● WORK ORDER: What you return must match the listing exactly, with every image removed.

● DATA BELOW:
******************************
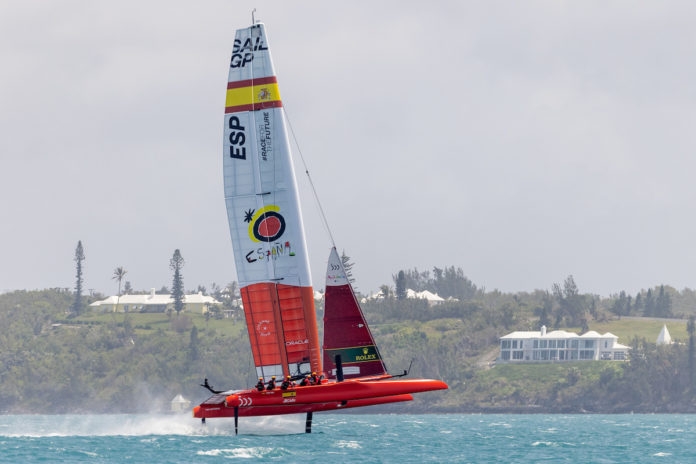 El F50 Victoria despega y muestra su potencial en Bermuda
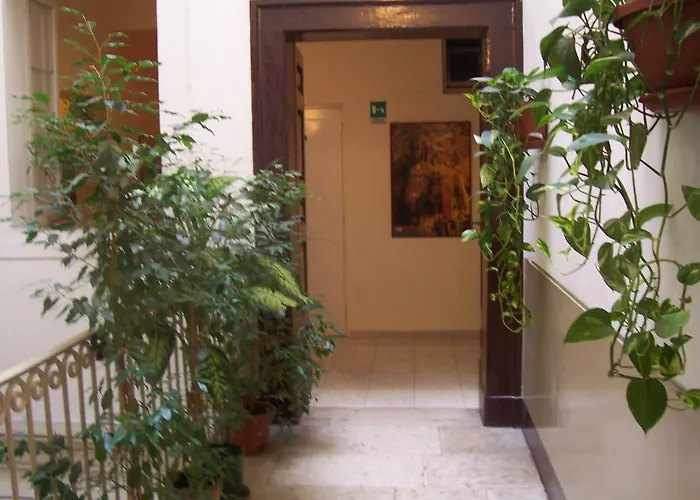 オテル ペンシオネ ロメーオ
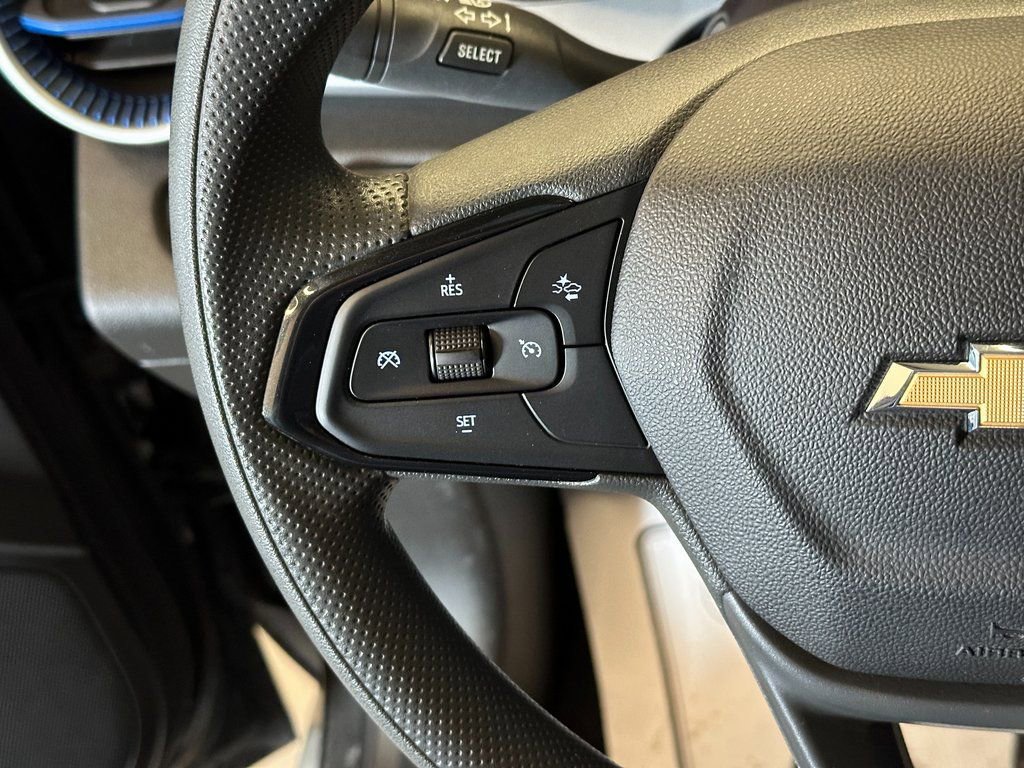 Used 2025 Chevrolet Trax LS w/ LS Convenience Package image 9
******************************
● SOLUTION TO THE PROBLEM:
 El F50 Victoria despega y muestra su potencial en Bermuda
 オテル ペンシオネ ロメーオ
 Used 2025 Chevrolet Trax LS w/ LS Convenience Package image 9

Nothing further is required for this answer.